Original comment by ryan.lam...@gmail.com
on 15 Dec 2012 at 1:55
Thanks for the link Ryan. What output does cltest give for you (cd
com.amd.aparapi.jni; ant cltest; ./cltest_x86_64)
Here is mine (MacBookPro)
Device 1{
CL_DEVICE_TYPE..................... GPU (0x0)
CL_DEVICE_MAX_COMPUTE_UNITS........ 2
CL_DEVICE_MAX_WORK_ITEM_DIMENSIONS. 3
dim[0] = 1024
dim[1] = 1024
dim[2] = 64
CL_DEVICE_MAX_WORK_GROUP_SIZE...... 1024
CL_DEVICE_MAX_MEM_ALLOC_SIZE....... 268435456
CL_DEVICE_GLOBAL_MEM_SIZE.......... 1073741824
CL_DEVICE_LOCAL_MEM_SIZE........... 49152
CL_DEVICE_PROFILE.................. FULL_PROFILE
CL_DEVICE_VERSION.................. OpenCL 1.1
CL_DRIVER_VERSION.................. CLH 1.0
CL_DEVICE_OPENCL_C_VERSION......... OpenCL C 1.1
CL_DEVICE_NAME..................... GeForce GT 650M
CL_DEVICE_EXTENSIONS............... cl_APPLE_SetMemObjectDestructor cl_APPLE_ContextLoggingFunctions cl_APPLE_clut cl_APPLE_query_kernel_names cl_APPLE_gl_sharing cl_khr_gl_event cl_khr_byte_addressable_store cl_khr_global_int32_base_atomics cl_khr_global_int32_extended_atomics cl_khr_local_int32_base_atomics cl_khr_local_int32_extended_atomics cl_APPLE_fp64_basic_ops
}
The link (thanks) implies that the result of CL_DEVICE_MAX_WORK_GROUP_SIZE for
each dimension cannot be trusted.
So previously (if you recall) we tried to calculate this from the Java side,
now (if I understand it correct) we actually query the device - which may lie?.

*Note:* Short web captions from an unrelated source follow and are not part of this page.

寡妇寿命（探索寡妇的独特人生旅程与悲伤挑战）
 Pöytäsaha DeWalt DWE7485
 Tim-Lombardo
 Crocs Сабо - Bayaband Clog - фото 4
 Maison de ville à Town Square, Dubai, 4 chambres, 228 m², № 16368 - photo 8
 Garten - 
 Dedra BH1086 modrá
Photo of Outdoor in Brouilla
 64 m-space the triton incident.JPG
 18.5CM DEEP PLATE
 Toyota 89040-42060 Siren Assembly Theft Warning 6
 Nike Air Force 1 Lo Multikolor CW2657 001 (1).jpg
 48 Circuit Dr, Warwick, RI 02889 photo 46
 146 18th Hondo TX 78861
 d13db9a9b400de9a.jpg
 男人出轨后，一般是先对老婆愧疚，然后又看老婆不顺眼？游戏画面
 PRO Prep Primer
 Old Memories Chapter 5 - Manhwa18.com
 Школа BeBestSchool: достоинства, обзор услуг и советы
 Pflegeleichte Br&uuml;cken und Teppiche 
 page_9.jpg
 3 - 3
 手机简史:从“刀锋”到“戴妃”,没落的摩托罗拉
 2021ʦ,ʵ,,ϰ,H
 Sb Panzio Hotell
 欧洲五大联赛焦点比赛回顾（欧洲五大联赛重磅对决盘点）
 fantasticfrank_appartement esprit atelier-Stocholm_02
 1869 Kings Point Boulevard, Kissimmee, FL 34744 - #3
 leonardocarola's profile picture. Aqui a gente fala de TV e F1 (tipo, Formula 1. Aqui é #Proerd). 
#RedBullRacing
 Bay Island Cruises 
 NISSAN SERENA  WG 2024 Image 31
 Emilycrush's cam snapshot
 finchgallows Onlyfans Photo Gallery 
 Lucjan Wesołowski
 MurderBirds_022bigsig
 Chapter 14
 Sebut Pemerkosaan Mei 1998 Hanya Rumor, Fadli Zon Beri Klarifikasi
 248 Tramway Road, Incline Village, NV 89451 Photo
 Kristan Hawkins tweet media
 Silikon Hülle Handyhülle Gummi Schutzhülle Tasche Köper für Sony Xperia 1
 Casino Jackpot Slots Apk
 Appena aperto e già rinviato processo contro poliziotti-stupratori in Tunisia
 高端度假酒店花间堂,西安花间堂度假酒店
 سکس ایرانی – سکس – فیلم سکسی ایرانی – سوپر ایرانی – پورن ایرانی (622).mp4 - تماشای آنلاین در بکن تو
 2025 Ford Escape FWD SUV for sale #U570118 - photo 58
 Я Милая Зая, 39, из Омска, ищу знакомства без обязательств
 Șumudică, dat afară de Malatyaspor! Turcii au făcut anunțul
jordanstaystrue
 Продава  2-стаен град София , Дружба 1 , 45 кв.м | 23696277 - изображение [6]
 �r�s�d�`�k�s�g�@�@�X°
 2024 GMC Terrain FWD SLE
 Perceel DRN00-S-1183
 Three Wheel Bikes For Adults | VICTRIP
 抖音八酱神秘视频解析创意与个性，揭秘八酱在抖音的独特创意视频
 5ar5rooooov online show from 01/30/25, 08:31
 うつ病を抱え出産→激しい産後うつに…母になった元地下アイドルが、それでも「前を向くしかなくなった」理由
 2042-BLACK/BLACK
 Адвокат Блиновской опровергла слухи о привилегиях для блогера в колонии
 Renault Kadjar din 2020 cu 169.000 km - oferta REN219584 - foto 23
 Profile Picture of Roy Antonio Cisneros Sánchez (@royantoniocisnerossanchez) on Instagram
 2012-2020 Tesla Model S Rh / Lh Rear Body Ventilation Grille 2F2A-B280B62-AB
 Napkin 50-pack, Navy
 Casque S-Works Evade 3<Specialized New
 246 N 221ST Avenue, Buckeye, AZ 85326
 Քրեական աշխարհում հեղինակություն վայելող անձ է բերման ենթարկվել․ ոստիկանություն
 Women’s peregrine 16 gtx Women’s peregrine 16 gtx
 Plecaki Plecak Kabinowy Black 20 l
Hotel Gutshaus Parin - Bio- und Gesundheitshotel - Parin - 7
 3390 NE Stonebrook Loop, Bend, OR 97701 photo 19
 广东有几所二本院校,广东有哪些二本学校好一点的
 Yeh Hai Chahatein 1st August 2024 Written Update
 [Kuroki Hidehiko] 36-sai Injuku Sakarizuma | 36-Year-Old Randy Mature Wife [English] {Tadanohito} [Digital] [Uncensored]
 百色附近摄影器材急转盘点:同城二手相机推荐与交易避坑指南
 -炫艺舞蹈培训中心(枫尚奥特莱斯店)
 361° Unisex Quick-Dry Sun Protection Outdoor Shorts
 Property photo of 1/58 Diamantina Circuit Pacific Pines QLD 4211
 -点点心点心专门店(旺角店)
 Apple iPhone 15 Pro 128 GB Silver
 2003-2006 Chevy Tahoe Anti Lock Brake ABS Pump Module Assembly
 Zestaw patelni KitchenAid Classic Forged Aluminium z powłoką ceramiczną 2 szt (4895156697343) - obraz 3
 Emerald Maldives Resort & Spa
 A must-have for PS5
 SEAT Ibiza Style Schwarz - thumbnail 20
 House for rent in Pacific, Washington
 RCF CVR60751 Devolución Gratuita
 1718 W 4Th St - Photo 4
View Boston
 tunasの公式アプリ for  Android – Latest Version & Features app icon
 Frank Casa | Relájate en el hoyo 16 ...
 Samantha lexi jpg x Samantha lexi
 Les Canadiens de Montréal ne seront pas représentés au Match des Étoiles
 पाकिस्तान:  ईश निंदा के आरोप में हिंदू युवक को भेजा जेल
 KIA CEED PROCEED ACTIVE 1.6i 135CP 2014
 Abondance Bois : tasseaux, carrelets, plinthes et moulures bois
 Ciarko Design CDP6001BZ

Is this the hypothesis? Is it worth 'backing out' the patch for querying the
device.
Sorry still a little confused.
gary
Original comment by frost.g...@gmail.com
on 15 Dec 2012 at 2:12
I'm currently working on trying to figure this out as well, although I have to
call it quits for the night soon. Sorry if my code snippets above are confusing.
It does appear that the OpenCL runtime is returning potentially valid results
for clGetKernelWorkGroupInfo (valid looking power of 2), but using those
results directly when calling clEnqueueNDRangeKernel is failing on Apple only.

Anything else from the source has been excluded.